(Available data Opens)

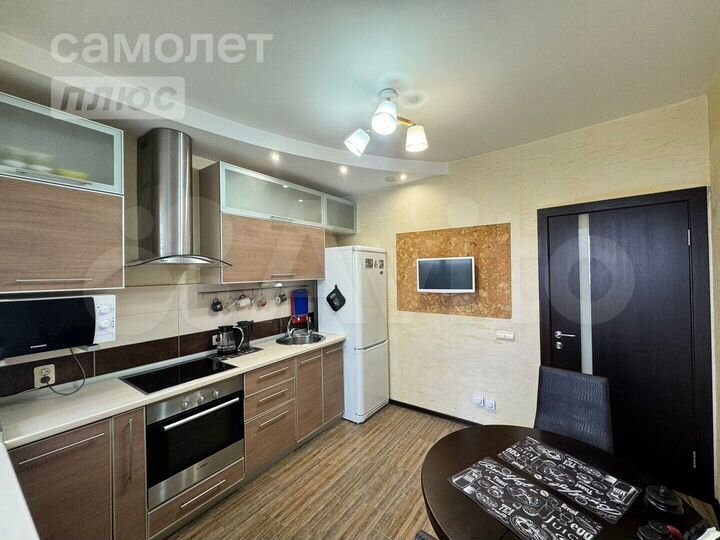 2-к. квартира, 57 м², 16/17 эт.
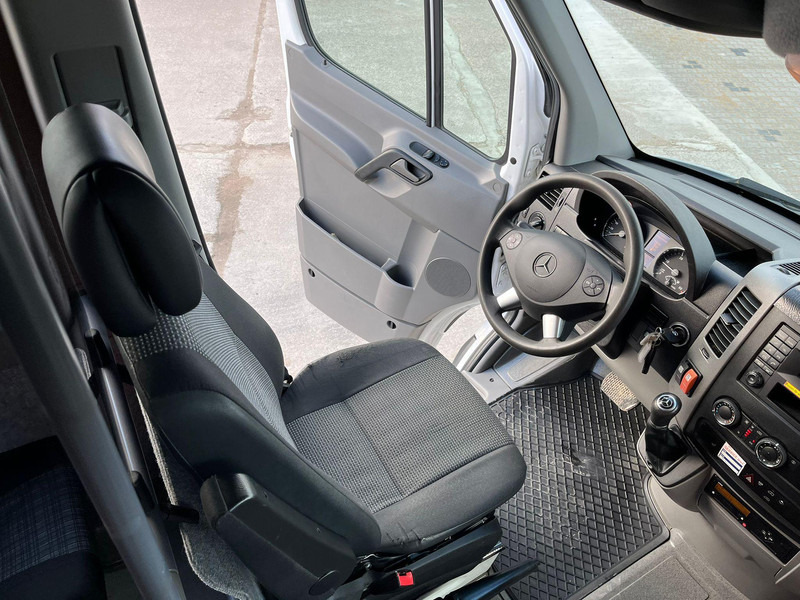 Minibus, Putnički kombi Mercedes-Benz Sprinter 516 CDI 22 + 1 SEATS: slika 9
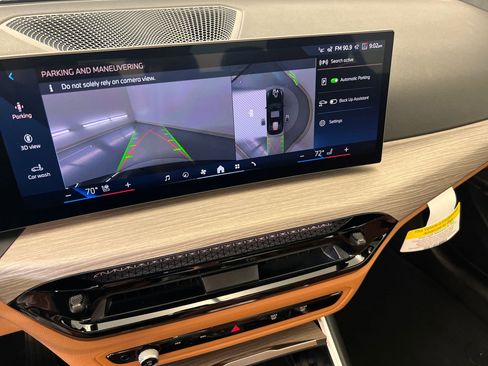 Used 2025 BMW 330i Sedan w/ Premium Package RWD image 29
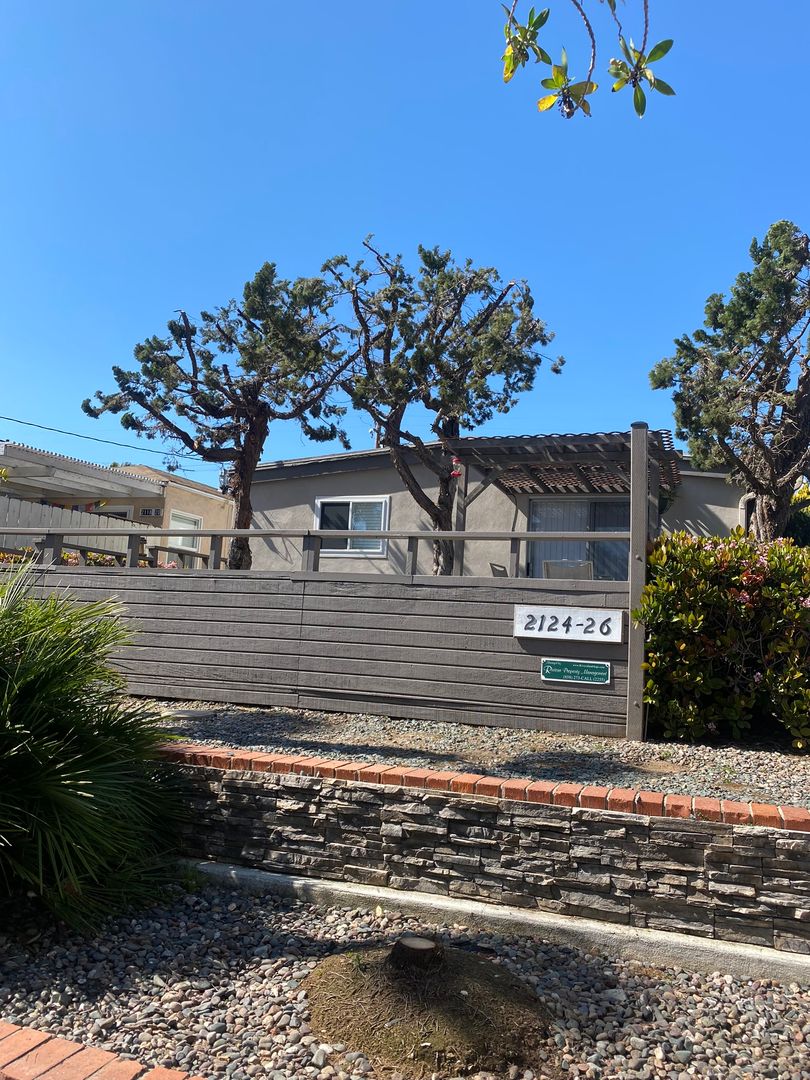 San Diego Apartment: 2124-2126 1/2 Reed Ave.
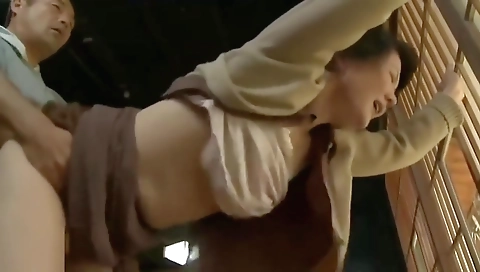 Hawt babe gets her ass and pussy drilled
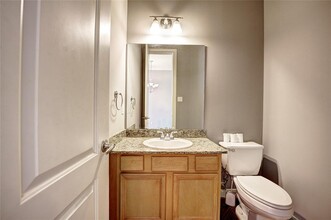 202 McGowen St in Houston, TX - Building Photo - Building Photo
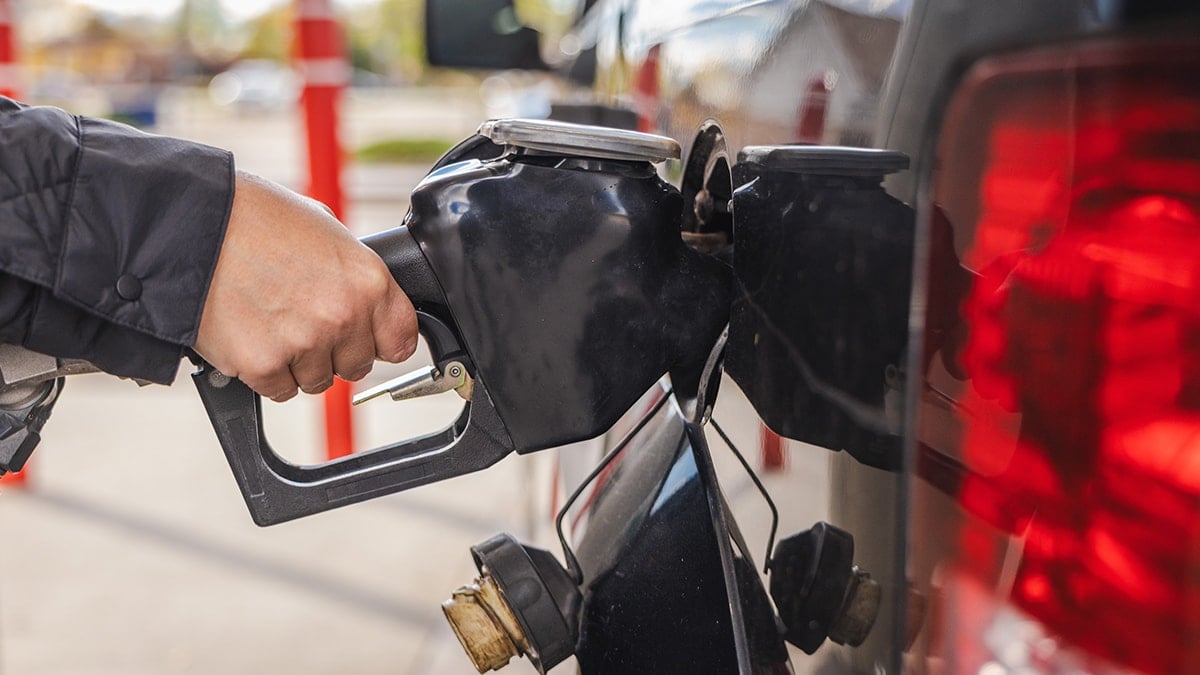 O gelişmeden sonra akaryakıta yapılacak dev zam iptal oldu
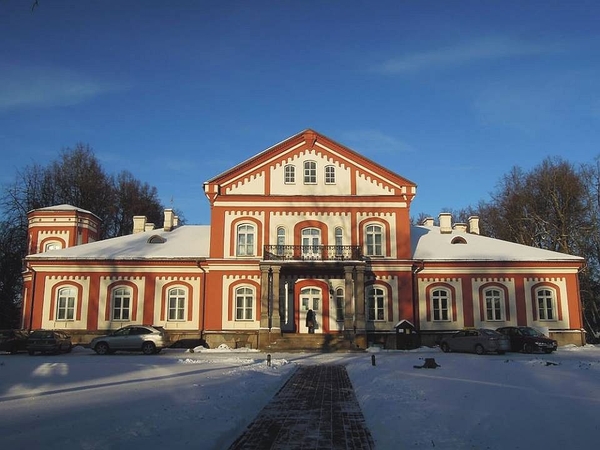 Baigtame tvarkyti Alantos dvaro rūsyje atidarytas amatų centras
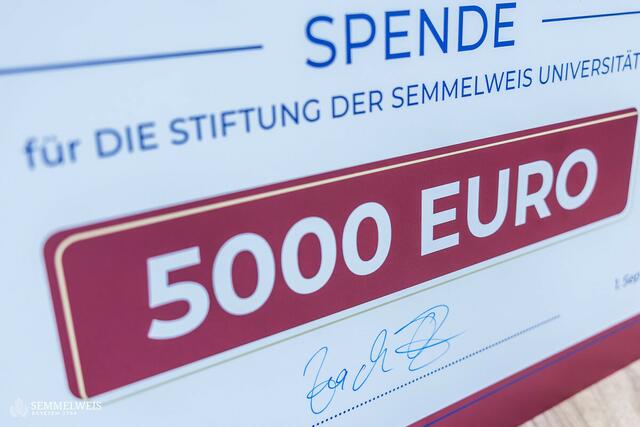 Tolle Auszeichnung der Uni Budapest für Zahnarzt Franz Zach aus dem Kleinen Erlauftal | Foto: Semmelweis Egyetem 1769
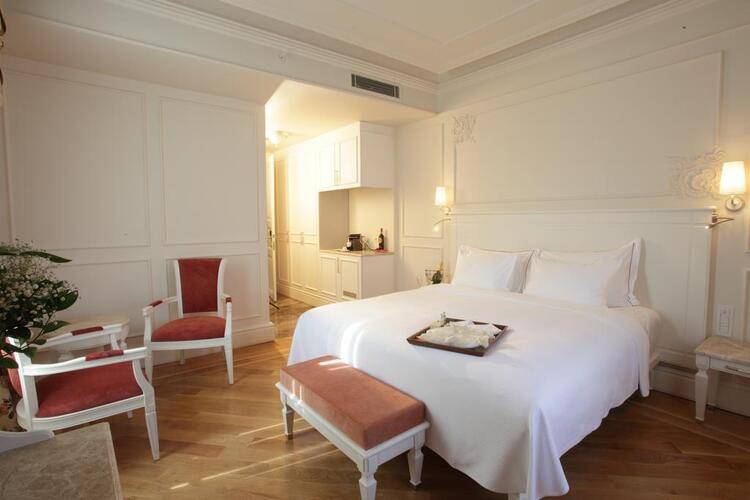 Corinne Hotel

(Available data Closes)

Your assignment ▸ Leaving pictures out, output the lines of the data above from the one with "202 McGowen St" through the one with "Baigtame tvarkyti Alantos", word for word.

Result ▸
 202 McGowen St in Houston, TX - Building Photo - Building Photo
 O gelişmeden sonra akaryakıta yapılacak dev zam iptal oldu
 Baigtame tvarkyti Alantos dvaro rūsyje atidarytas amatų centras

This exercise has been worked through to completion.